BEGIN

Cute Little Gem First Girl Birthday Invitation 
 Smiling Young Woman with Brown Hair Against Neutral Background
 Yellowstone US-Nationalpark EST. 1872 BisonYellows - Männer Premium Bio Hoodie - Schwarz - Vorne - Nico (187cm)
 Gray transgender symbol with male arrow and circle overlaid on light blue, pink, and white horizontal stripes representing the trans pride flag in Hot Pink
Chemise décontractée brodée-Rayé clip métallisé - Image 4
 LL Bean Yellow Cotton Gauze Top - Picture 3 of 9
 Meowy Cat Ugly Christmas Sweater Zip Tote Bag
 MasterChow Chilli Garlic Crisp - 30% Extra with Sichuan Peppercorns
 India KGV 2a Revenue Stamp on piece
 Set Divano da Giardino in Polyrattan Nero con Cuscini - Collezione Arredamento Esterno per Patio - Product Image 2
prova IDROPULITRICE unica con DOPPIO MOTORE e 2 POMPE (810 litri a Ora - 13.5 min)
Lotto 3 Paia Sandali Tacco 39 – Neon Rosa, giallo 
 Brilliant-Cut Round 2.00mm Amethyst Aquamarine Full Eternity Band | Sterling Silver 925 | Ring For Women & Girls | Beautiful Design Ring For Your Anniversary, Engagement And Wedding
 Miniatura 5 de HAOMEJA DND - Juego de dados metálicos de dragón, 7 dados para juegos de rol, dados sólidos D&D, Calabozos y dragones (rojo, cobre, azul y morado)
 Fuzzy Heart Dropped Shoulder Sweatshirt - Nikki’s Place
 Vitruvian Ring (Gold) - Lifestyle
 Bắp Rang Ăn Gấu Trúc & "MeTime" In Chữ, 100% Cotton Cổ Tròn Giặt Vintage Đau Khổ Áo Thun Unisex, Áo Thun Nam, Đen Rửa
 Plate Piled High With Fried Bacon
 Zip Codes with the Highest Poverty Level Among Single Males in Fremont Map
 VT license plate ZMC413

END

Starting at the line that contains "Zip Codes with", retype every line through the end of the records exactly, and nothing else.

Response box —
 Zip Codes with the Highest Poverty Level Among Single Males in Fremont Map
 VT license plate ZMC413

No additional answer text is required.